> [ABOUT THIS TASK]
Could you print the listing again exactly, omitting the pictures?

Top of STORED DATA

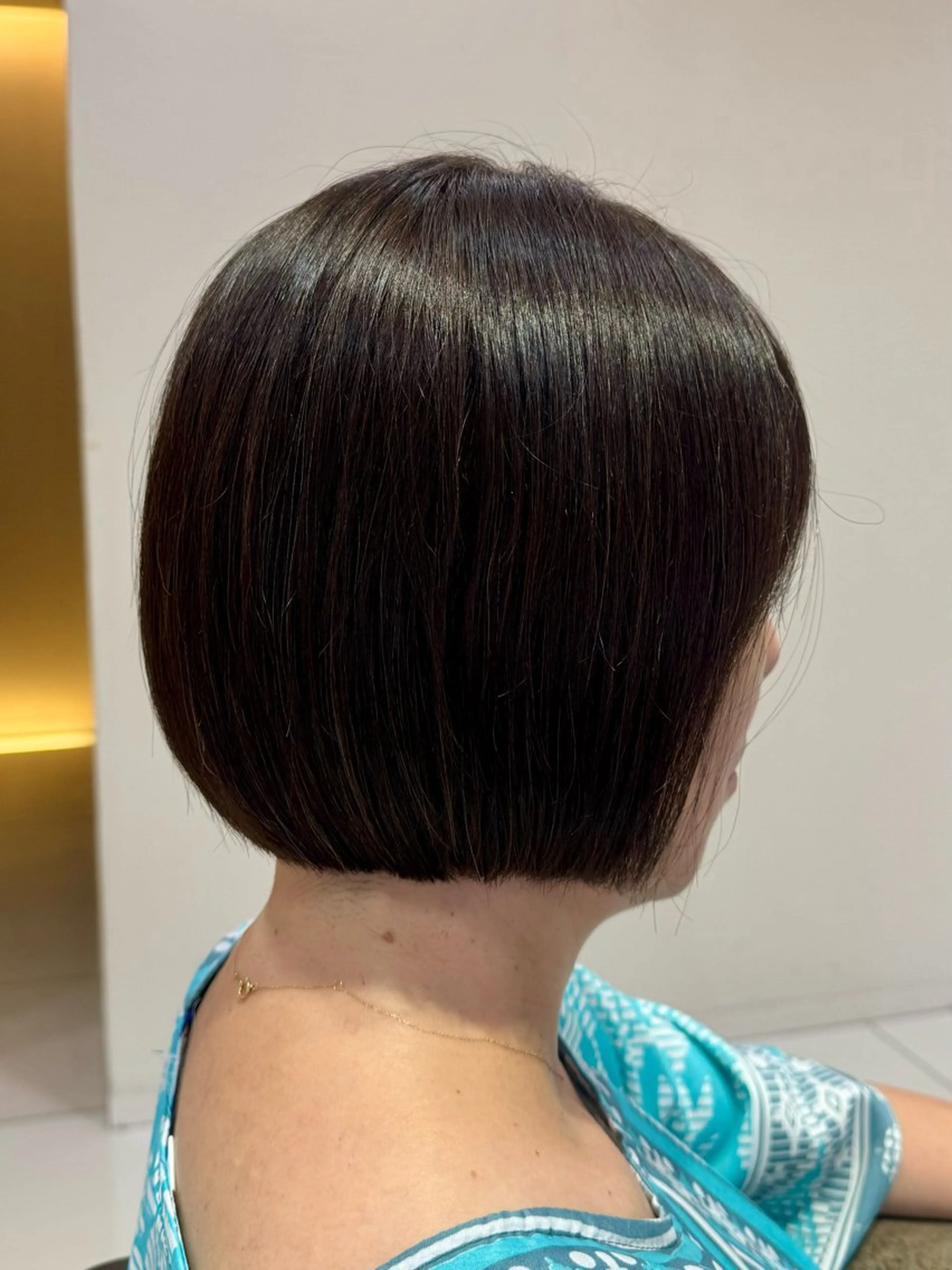 ショート 前下がりボブ ボブ 暖色/レイヤーカット /艶髪/髪質改善/のマツエク・マツパデザイン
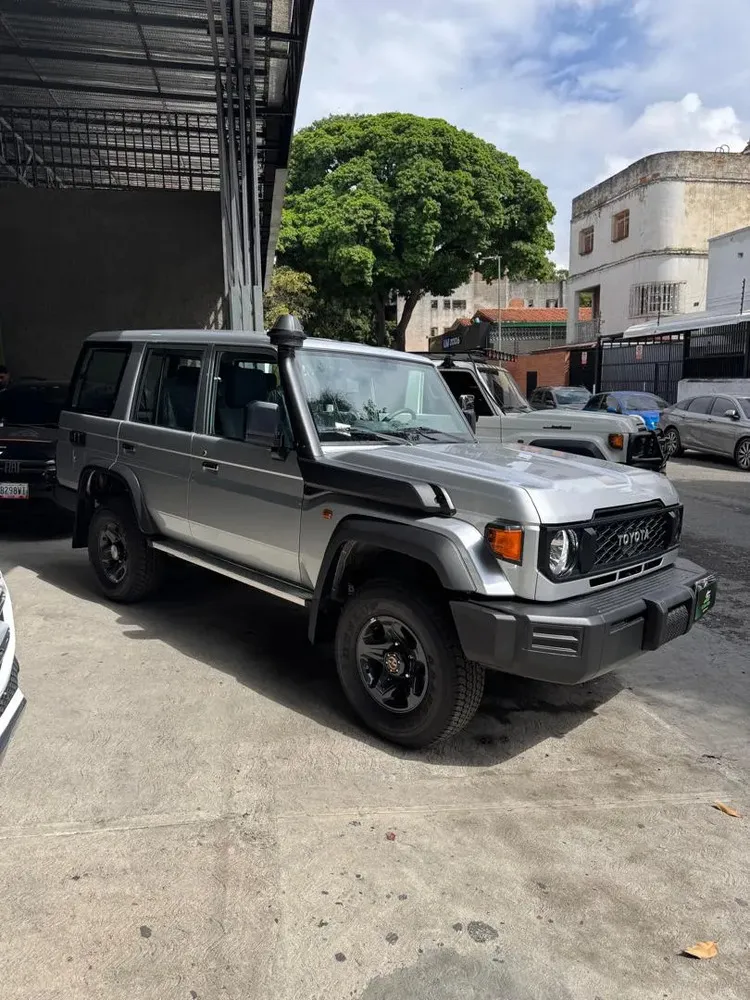 Vista 3 del vehículo: Lc76 Hembrita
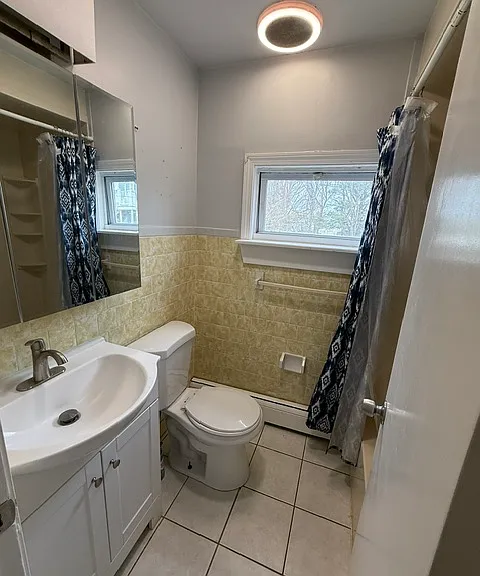 32 Hall St #1 — Photo 8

Bottom of STORED DATA

> [ANSWER SECTION]
 ショート 前下がりボブ ボブ 暖色/レイヤーカット /艶髪/髪質改善/のマツエク・マツパデザイン
 Vista 3 del vehículo: Lc76 Hembrita
 32 Hall St #1 — Photo 8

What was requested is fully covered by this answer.